Hi folks, In this post I will explain how to build Heritrix from its source code and how to Integrate HTMLUnit into Heritrix.
First question comes to mind is, What is Heritrix? and why do we need HTMLUnit to Integrate into Heritrix?
Well, Heritrix is a open-source, Web crawler. Heritrix does not include web page level DOM model and JavaScript Interpreter. Therefore, if you want to crawl the web to look for malicious scripts or obfuscated JS, then you need a JS interpreter. Hence. HTMLUnit comes into play. HTMLUnit is a headless browser, which has got JS interpreter.
Steps to Build Heritrix:
- Download latest version of JDK rpm from sun website and install it.
- Set JAVA_HOME and PATH environment to .bashrc file (~/.bashrc)
export JAVA_HOME=/usr/java/jdk1.6.x.x
export PATH=$JAVA_HOME/bin:$PATH
Now JDK is ready to be used by Heritirx and Maven
3. We need
maven 1.0.2 to build heritix.
Note: We need src of heritix so that we can modify it in future. Therefore do not use heritix binaries available on Ineternet. Build heritirx from src. Also Note the version of maven. it is very very important. Do not try with latest version of maven. It may not work.
4. Download
binary of
maven 1.0.2 and extract it somewhere on disk. Now set
MAVEN_HOME
environment for it as mention below.
Edit (
/etc/profile) file to insert following lines before
unset i and
unset pathmunge commands at the end of file.
export MAVEN_HOME=/path_of_Maven_directory
pathmunge $MAVEN_HOME/bin before
Now logout and login again to reflect environment variable changes done above to be get reflected.
5. Run
maven -v command to test maven is running properly.
6. Run
maven jar command. this will create /root/.maven/repository directory.
7. Now go into heritirx directory and run command
maven dist
8. This will create subdirectory target, and many other subdirectories inside target directory.
target/distribution directory holds heritirx build version.

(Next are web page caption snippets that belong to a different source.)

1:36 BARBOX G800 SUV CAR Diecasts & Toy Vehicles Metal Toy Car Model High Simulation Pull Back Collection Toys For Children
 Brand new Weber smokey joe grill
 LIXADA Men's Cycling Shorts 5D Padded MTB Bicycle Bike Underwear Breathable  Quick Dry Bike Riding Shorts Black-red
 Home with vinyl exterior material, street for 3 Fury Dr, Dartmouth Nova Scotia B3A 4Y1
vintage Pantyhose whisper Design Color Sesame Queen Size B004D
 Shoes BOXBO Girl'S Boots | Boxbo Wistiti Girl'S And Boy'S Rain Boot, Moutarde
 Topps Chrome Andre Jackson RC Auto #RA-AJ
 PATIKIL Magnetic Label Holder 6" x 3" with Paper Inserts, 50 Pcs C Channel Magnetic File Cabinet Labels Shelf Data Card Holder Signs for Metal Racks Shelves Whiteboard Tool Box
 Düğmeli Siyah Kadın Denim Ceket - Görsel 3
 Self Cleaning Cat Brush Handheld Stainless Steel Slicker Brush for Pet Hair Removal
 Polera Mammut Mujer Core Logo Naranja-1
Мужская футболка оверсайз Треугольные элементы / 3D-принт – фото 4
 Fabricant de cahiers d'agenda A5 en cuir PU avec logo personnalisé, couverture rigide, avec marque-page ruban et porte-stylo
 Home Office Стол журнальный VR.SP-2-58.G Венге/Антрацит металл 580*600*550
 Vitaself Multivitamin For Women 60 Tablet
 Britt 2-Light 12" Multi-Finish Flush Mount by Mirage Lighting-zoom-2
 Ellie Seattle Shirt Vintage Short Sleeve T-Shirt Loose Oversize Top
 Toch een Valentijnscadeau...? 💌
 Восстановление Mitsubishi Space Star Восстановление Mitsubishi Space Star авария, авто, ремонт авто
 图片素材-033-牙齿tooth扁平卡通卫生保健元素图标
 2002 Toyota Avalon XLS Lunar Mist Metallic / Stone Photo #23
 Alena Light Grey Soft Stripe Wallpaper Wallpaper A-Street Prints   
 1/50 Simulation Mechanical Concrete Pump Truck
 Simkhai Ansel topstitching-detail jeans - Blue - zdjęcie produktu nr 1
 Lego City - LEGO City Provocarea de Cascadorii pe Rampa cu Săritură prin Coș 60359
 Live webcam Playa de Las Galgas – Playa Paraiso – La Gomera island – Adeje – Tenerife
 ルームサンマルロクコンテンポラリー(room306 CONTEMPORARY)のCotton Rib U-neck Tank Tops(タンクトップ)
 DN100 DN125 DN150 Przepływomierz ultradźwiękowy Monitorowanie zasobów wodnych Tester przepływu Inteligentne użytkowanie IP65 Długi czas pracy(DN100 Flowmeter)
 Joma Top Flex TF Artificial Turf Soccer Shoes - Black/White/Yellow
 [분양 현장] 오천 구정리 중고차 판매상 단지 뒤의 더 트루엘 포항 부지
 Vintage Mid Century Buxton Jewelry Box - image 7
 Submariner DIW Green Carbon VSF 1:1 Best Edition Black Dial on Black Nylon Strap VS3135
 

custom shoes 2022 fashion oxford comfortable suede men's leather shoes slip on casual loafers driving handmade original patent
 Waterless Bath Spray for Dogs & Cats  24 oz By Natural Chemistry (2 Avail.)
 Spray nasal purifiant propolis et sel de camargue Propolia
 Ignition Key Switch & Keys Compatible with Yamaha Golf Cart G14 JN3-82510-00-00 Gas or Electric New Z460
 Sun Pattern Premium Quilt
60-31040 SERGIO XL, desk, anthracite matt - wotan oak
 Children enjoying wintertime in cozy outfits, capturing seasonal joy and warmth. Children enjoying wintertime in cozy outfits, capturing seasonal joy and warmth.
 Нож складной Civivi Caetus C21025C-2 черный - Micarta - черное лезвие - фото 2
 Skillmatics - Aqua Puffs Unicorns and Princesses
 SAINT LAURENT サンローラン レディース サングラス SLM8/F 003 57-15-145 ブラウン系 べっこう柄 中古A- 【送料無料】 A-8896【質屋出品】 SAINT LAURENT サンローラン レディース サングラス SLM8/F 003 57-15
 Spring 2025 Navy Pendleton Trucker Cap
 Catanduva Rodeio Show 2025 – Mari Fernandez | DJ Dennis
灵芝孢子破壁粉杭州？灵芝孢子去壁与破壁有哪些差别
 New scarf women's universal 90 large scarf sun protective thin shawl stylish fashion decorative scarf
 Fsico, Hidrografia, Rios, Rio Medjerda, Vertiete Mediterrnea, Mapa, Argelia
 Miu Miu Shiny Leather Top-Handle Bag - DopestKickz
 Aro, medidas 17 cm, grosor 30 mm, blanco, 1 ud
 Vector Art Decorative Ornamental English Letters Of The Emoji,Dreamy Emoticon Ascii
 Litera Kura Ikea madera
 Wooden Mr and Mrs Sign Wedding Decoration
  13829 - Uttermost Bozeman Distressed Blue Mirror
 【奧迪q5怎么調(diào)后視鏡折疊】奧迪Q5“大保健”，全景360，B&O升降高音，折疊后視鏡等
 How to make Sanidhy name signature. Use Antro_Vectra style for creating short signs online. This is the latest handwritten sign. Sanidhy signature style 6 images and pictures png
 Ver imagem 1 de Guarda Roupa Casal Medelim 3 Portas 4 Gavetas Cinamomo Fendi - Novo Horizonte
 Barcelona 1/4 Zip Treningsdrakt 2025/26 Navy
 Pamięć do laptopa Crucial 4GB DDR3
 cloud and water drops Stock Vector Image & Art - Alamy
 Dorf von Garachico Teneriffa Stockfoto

It there is failure due to any dependency jar file then download that file from Internet and store it in either
/root/.maven/cache or
/root/.maven/repository/.../jar/ directory.
9. Heritirx is build Successfully. Extract build version and test heritirx.
10. Launch heritrix by using command:
$ HERITRIX_HOME/bin/heritrix --admin=LOGIN:PASSWORD
where $HERITRIX_HOME is the location of your
untarred heritrix.?.?.?.tar.gz.
Integrating HTMLUNIT into Heritrix:
This is little bit tricky. You are at this point means you already have heritrix, sun JDK and maven.
Follow the steps given below:
Step 1: Download HTMLUnit (I used HTMLUnit 2.5). We don't need source code of HTMLUnit therefore download binary of HTMLUnit. We only need its JAR files.
Step 2: Copy all JAR files in HTMLUnit into
lib sub-directory of heritrix folder. Do not replace files, which are already there, if you replace them, then you need to modify
project.properties file. Only add those files which are not there.
Step 3: Edit
project.xml file in heritrix directory. Bcoz we want to tell heritrix where HTMLUnit classes can be found. Add
tag for each JAR file of HTMLUnit.
Sample of dependency tag is given below:
<dependency>
<id>htmlunit</id>
<version>2.5</version>
<url>http://htmlunit.sourceforge.net/ </url>
<properties>
<war.bundle>true </war.bundle >
<ear.bundle>true</ear.bundle>
<ear.bundle.dir>APP-INF/lib</ear.bundle.dir>
<description>
Use to handle JS obfuscation. It is a headless browser.
</description>
<license>Apache 2.0
http://www.apache.org/licenses/LICENSE-2.0 </license>
</properties>
</dependency>
Add this dependency tag for all JAR files of HTMLUnit.
Step 4: Edit
project.properties file in heritirx directory to instruct maven that, do not try to download those dependency files from Internet, rather look into
local directory. Syntax to do this can be easily found in
project. properties file, simply make use of it.
For example:
maven.jar.htmlunit = ${basedir}/lib/htmlunit-2.5.jar
Add a entry for each JAR file (that is, each dependency entry done in
Step 3 ) of HTMLUnit.
Step 5. Done. Now build Heritrix again.